The leaked emails, Professor van Ypersele said, will fuel scepticism about climate change and may make agreement harder at Copenhagen. So the mutterings have prompted the question: why would Russia have an interest in scuppering the Copenhagen talks?
This time, if it was indeed the FSB behind the leak, it could be part of a ploy to delay negotiations or win further concessions for Moscow. Russia, along with the United States, was accused of delaying Kyoto, and the signals coming from Moscow recently have continued to dismay environmental activists.
When Ed Miliband, the Secreatary of State for Climate Change, visited Moscow this year, he had meetings with high-level Russian officials and pronounced them constructive. But others doubt that Russia has much desire to go green.
Up in the far northern reaches of Russia, there are stretches of hundreds of miles of boggy tundra; human settlements are few and far between. Often, the only inhabitants are indigenous reindeer herders, who in recent years have reported that their cyclical lifestyle is being affected by the climate: they have to wait until later in the year to migrate to winter camps, because the rivers do not freeze as early as they used to. In spring, the snow melts quickly and it becomes harder for reindeer to pull sleds.
Much of Russia’s vast oil and gas reserves lie in difficult-to-access areas of the far North. One school of thought is that Russia, unlike most countries, would have little to fear from global warming, because these deposits would suddenly become much easier and cheaper to access.
It is this, goes the theory, that underlies the Kremlin’s ambivalent attitudes towards global warming; they remain lukewarm on the science underpinning climate change, knowing full well that if global warming does change the world’s climate, billions of dollars of natural resources will become accessible.

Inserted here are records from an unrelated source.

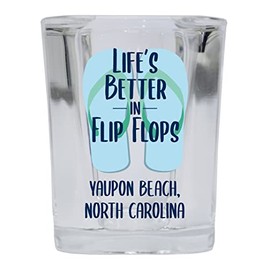R and R Imports Yaupon Beach North Carolina Beach Souvenir 2 oz Square Base Shot Glass 4 Pack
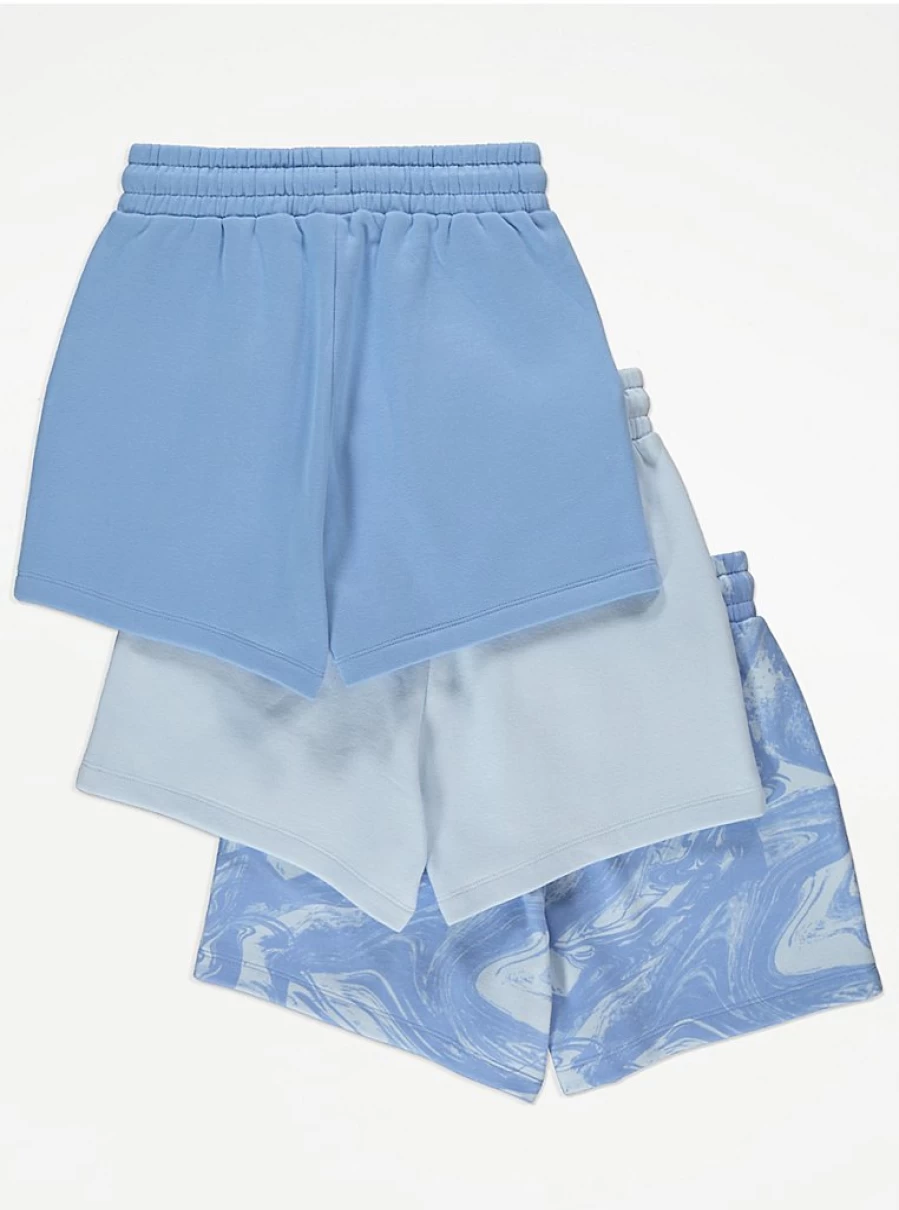 Girls' Blue Marble Heart Jersey Shorts 3-Pack | George at Asda | Comfort & Style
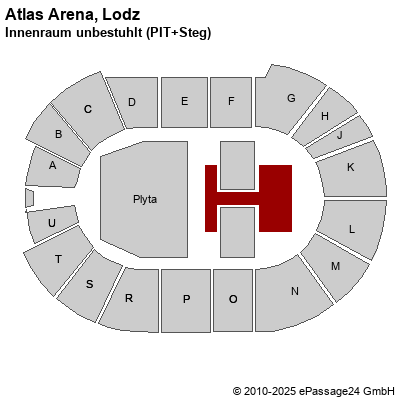 Saalplan Atlas Arena, Lodz, Polen, Innenraum unbestuhlt (PIT+Steg)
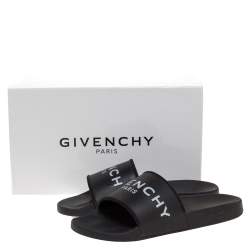 Givenchy Black Rubber Logo Slides Size 44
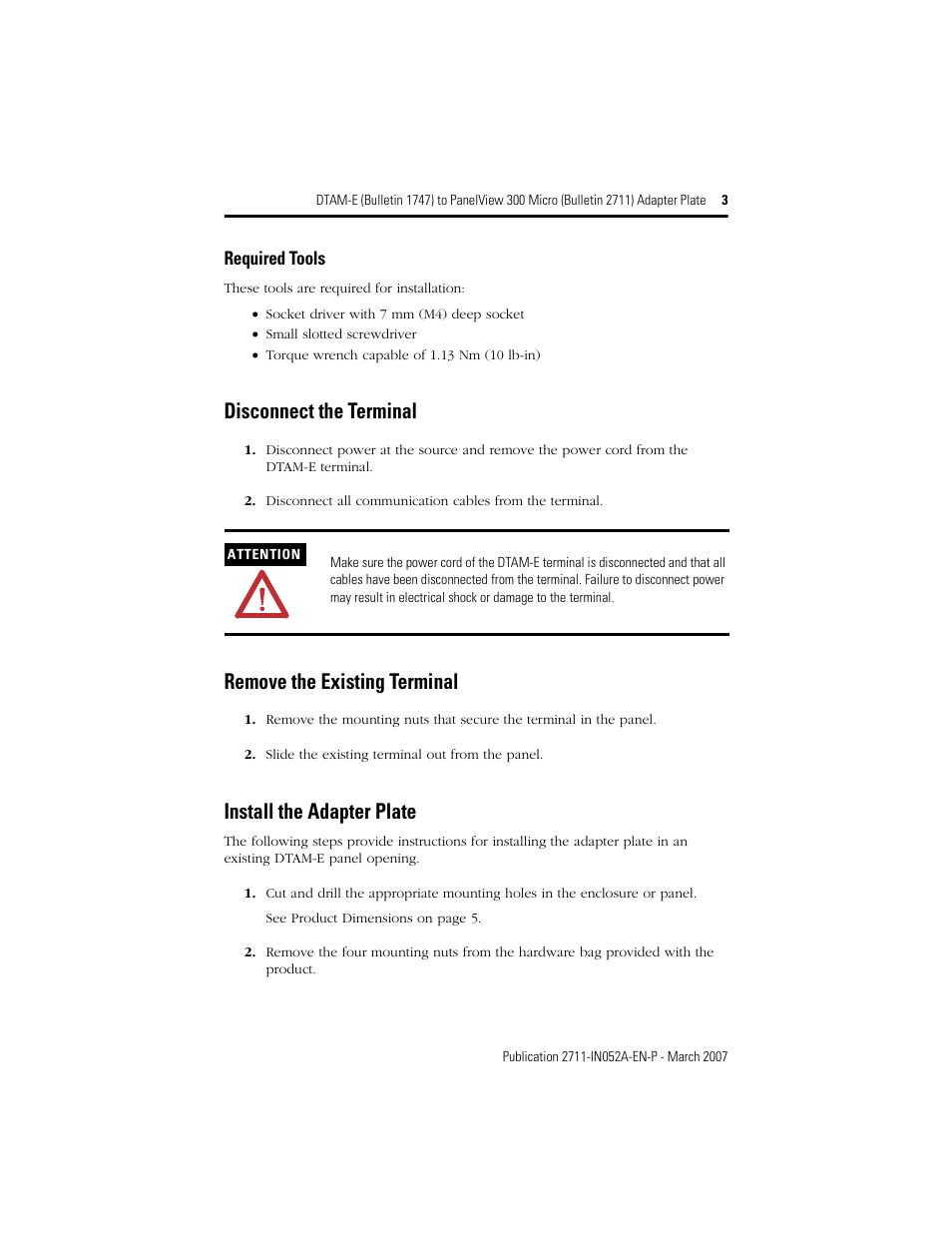 Disconnect the terminal, Remove the existing terminal, Install the adapter plate | Required tools | Rockwell Automation 2711-NR12K DTAM-E to PanelView 300 Micro Adapter Plate User Manual | Page 3 / 8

Another motivating factor could be that Russia simply does not want to spend the vast sums of money that would be required to modernise and “greenify” Russia’s ageing factories.
But global warming also brings with it a terrifying threat for Russia, the melting of permafrost, which covers so much of the country’s territory. Cities in the Siberian north such as Yakutsk are built entirely on permafrost, and if this melts, are in danger of collapsing, along with railways and all other infrastructure.
But many in Russia’s scientific community are deeply sceptical of the threat from global warming. And only 40 per cent of Russians believe climate change is a serious threat, a survey shows
Russia’s commitments ahead of Copenhagen have been modest. In June, the President, Dmitry Medvedev, said Russia would reduce emission levels by 10 to 15 percent from 1990 levels by 2020. But what this actually means is a whopping 30 per cent rise from the present levels. Using the 1990 figures as a benchmark is a way to gain extra leeway, because emissions in Russia have tumbled since the Soviet Union collapsed and much of its polluting industrial complex went down with it.
Of course, Russia is not alone in falling short on climate commitments. But nor does it have a track record for openness for dismissal of the claims against the FSB to be straightforward. The Tomsk hackers in the message along with their leak, wrote of their hopes that the release would “give some insight into the science and the people behind it”. Similar insights into the hackers themselves look extremely unlikely.